In the afternoon heat, my skin burns red no matter how much sunscreen I put on, and burns in a way that feels less like the result of UV rays and more like the result of standing a few feet away from a roaring fire. The sensation reminds me of childhood contests, where my cousins and I would sit with our bare backs to the fireplace, right beyond the grate, seeing who could stand the heat for longest before moving forward. It reminds me, also, of the air that burned my face when I stood, as a 9 year old child, by a river of flowing lava, a river so hot that a stick pushed into it burst into flames at mere contact. I suppose what I am trying to say is, this heat feels less like the stuff of hazy, ethereal, barely-existent waves and particles, and more like a physical, present layer of something soft and heavy, dry and parched and dusty, laying across one’s skin – invisible, but no less tangible for the fact.
At the house, our conversations revolve around the heat. All greetings have been replaced by statements about temperature – when one of us leaves the house and returns, we greet the rest with a statement about the heat. When we wake up in the morning, our first words are about the relative cool of the morning, and our hopes for how long that cool might last. As we go to bed, we attempt to quantify the heat of the day – was it hotter than the day before? Didn’t this week seem hotter than the last? We are never successful in such comparisons, for it is so ultimately hot that no further statement can really be made, like attempting to comparing infinity with infinity plus 3.

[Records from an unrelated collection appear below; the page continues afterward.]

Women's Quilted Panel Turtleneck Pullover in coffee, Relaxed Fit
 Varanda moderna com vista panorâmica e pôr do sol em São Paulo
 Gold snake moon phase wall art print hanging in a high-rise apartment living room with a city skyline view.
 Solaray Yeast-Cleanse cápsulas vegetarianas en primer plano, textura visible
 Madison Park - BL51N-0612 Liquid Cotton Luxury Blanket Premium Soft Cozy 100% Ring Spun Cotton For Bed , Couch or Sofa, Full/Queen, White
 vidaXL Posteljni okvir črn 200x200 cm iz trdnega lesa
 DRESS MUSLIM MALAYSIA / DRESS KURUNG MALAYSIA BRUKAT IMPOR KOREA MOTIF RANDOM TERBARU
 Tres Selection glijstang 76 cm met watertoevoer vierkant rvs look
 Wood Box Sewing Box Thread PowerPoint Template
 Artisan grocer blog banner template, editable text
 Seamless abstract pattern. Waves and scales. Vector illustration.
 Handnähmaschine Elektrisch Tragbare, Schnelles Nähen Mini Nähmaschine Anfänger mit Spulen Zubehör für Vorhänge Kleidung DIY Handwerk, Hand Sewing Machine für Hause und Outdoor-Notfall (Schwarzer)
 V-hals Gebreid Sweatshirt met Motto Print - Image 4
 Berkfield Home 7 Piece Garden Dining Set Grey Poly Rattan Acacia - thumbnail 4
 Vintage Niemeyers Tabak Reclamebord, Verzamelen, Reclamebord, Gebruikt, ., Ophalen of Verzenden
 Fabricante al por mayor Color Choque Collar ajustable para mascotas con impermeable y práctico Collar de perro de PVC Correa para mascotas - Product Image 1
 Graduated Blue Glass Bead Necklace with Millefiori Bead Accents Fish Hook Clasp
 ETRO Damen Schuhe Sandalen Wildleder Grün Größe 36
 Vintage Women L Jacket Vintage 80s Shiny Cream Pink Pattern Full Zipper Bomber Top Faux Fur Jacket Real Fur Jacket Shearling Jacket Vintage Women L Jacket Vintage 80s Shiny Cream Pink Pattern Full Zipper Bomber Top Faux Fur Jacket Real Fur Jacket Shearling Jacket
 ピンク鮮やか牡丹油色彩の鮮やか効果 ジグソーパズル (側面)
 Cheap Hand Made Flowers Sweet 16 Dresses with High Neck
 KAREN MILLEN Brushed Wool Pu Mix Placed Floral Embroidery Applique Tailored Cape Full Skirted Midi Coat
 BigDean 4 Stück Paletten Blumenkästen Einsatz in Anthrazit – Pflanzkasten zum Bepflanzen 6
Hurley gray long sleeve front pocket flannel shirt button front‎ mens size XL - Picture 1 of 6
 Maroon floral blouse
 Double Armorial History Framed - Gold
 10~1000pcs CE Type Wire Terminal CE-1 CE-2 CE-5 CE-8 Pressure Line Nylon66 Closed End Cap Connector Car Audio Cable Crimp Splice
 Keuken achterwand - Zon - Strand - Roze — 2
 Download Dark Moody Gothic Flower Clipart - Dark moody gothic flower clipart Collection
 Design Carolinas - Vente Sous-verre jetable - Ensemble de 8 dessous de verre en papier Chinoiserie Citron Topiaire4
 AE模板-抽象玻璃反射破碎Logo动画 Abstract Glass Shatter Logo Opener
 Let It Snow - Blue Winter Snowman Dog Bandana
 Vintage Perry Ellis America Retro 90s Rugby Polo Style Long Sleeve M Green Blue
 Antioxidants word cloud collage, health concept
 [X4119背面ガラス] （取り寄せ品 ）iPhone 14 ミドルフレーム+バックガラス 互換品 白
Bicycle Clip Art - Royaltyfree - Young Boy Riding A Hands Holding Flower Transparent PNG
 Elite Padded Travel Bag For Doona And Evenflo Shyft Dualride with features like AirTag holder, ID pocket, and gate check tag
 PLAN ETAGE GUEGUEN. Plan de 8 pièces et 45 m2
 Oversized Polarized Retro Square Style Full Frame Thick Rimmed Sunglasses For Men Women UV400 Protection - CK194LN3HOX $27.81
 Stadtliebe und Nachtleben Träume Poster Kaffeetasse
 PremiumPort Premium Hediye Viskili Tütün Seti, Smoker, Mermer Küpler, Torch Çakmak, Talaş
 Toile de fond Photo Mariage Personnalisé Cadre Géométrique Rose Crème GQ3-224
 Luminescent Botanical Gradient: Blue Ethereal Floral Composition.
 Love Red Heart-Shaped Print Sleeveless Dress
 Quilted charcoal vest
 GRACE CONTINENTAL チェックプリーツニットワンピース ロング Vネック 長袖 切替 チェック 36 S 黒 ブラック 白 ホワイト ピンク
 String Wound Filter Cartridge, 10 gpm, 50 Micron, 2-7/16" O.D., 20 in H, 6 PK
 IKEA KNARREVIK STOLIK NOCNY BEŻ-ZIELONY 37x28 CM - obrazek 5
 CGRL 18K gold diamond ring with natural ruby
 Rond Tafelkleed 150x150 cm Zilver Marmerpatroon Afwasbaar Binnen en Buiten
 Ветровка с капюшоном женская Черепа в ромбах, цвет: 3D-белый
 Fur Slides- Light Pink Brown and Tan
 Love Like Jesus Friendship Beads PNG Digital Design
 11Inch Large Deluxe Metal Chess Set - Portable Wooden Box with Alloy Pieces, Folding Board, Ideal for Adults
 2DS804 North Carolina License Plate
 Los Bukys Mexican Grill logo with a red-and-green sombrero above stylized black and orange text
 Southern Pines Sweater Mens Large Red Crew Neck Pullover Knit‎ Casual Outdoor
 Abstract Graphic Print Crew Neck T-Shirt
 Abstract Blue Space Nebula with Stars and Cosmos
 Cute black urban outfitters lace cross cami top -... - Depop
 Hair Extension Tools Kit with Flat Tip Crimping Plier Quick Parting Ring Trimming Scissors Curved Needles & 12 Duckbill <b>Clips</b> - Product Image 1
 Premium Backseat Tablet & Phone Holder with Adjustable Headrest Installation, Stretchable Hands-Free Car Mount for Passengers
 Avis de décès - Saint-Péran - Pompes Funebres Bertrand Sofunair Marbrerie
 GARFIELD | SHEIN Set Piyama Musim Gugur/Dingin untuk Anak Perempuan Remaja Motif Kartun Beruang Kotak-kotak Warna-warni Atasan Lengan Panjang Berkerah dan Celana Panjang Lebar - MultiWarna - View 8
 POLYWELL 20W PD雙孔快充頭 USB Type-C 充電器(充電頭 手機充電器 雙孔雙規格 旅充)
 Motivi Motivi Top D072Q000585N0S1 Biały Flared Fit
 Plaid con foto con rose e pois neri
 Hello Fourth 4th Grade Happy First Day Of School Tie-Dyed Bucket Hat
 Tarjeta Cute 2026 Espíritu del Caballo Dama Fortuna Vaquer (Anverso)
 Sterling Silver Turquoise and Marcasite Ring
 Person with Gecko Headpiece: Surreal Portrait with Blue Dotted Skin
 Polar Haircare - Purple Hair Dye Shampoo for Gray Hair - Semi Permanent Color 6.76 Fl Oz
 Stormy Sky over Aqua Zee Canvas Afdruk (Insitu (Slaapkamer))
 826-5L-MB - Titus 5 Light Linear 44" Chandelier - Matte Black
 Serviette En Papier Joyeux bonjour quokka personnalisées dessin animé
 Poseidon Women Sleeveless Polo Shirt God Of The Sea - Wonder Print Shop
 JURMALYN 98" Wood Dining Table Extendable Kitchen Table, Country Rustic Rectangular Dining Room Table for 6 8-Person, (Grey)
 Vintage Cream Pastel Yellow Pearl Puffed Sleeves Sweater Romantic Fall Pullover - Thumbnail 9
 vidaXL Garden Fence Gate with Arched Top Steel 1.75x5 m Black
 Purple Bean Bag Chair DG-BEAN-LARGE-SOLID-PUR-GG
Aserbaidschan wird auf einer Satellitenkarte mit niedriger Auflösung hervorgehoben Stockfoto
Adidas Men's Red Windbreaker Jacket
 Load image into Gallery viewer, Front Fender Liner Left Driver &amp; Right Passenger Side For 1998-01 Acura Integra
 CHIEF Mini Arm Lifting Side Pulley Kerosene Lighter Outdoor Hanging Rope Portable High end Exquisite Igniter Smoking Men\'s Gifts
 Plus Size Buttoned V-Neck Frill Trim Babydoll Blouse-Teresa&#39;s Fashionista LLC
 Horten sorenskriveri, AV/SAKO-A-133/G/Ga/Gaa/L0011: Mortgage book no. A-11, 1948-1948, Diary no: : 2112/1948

Perhaps I sound too harsh, in my description of the heat. Every word is true, but I shouldn’t like to sound as if it is unbearable or hateful, or even a major problem in our day-to-day lives. The thing is, the heat is tremendous, but it is a dry, heavy, dusty heat – it lays over us, pressing down so that we slow our walking to the pace of a crawl, seek shade whenever possible, drink bottles and bottles of water warmed to the point that they might well be used for tea – it is hot, but it is not a sticky, humid heat, and it is not an oppressive heat. It is not that heat, from the south of the US, which causes one to sweat while simply sitting in the shade, that damp and blanketing heat which makes one feel like one’s very soul is leaking out of one’s pores. And it is not absolutely inescapable, as I imagine it might be in South Sudan or even in Northern Uganda; the morning are cool, the shade is always a slight respite from the sun, and late, late in the evening, as the stars shine high in our rural sky, the heat begins to fade and smooth breaths of wind flow through the town, lightening and cooling the air until around 8 or 9 the next morning, when the sun shall begin to warm us again.